Das Konzept mutet Vorarlberg noch etwas gewöhnungsbedürftig an. Dieses ist auch in Österreich – mit Ausnahme vom Wiener Raum – noch nicht etabliert. Aber wer den Blick zu den Deutschen oder auch Schweizer Nachbarn erweitert, sieht eine Vielzahl an genossenschaftlichen Wohnprojekten. Flatz ergänzt: „Die Skepsis ist groß, wir holen die Leute ab, mit diversen Workshops für (potenzielle) Genossenschaftsmitglieder. Wir sind aber auch schon mit weiteren Bauträgern in Kontakt, die Interesse gezeigt haben.”
Ist Vorarlberg bereit?
Flatz ist sich sicher: Vorarlberg ist bereit für diese andere Art des Eigentumserwerbs. Er ist überzeugt, es braucht nur ein Projekt, das seine Umsetzung findet. Genossenschaftliches Wohnen in Vorarlberg könnte leistbares Wohnen mit gelebter Solidarität zusammenführen und damit auch den Zusammenhalt vor Ort stärken.

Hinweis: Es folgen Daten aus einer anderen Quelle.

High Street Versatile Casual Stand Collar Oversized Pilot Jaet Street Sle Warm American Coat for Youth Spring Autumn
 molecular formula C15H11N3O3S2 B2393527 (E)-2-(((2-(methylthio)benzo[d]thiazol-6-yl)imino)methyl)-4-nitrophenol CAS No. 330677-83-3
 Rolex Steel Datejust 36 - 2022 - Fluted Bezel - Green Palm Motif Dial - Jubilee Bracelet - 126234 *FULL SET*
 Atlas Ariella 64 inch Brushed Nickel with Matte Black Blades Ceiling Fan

Gleichzeitig erfordert ein solches Modell Kompromissbereitschaft, gemeinsame Entscheidungsprozesse können zeitaufwändiger sein und den Handlungsspielraum einschränken. Das Gefühl des ‚es-gehört-mir-nicht‘ ist ebenso ein Thema. Dennoch ist Leben am Kobel ein spannendes Projekt, das eine nachhaltige und zukunftsfähigen Wohnkultur mit sich bringen könnte. Genossenschaftliches Wohnen als Allheilmittel für die Wohn- und Eigentumsprobleme der Vorarlberger? Nein! Aber ein wichtiger Baustein.